● **Work order**
Up to and including the line containing "hay rack ride", set down each line of the entries below exactly, starting from the first, and leave out the rest.

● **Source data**
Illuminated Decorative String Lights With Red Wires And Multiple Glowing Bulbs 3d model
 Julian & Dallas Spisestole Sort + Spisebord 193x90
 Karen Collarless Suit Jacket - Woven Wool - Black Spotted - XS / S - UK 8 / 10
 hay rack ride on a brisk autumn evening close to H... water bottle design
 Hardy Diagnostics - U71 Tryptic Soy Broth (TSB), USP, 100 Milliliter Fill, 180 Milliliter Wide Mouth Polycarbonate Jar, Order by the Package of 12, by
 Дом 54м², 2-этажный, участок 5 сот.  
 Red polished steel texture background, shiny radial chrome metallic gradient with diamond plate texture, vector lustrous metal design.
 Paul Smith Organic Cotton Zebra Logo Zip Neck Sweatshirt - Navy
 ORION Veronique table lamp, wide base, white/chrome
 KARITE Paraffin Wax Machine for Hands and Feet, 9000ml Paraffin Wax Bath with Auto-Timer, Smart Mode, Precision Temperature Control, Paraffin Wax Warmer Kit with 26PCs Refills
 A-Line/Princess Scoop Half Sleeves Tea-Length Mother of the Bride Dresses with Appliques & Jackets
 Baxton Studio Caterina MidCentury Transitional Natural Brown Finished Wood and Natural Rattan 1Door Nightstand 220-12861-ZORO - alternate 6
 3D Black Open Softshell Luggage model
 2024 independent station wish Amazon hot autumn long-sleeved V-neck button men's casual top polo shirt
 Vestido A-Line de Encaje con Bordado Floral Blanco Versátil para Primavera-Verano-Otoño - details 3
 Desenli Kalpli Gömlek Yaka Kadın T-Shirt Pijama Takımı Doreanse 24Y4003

● **Finished exercise**
Illuminated Decorative String Lights With Red Wires And Multiple Glowing Bulbs 3d model
 Julian & Dallas Spisestole Sort + Spisebord 193x90
 Karen Collarless Suit Jacket - Woven Wool - Black Spotted - XS / S - UK 8 / 10
 hay rack ride on a brisk autumn evening close to H... water bottle design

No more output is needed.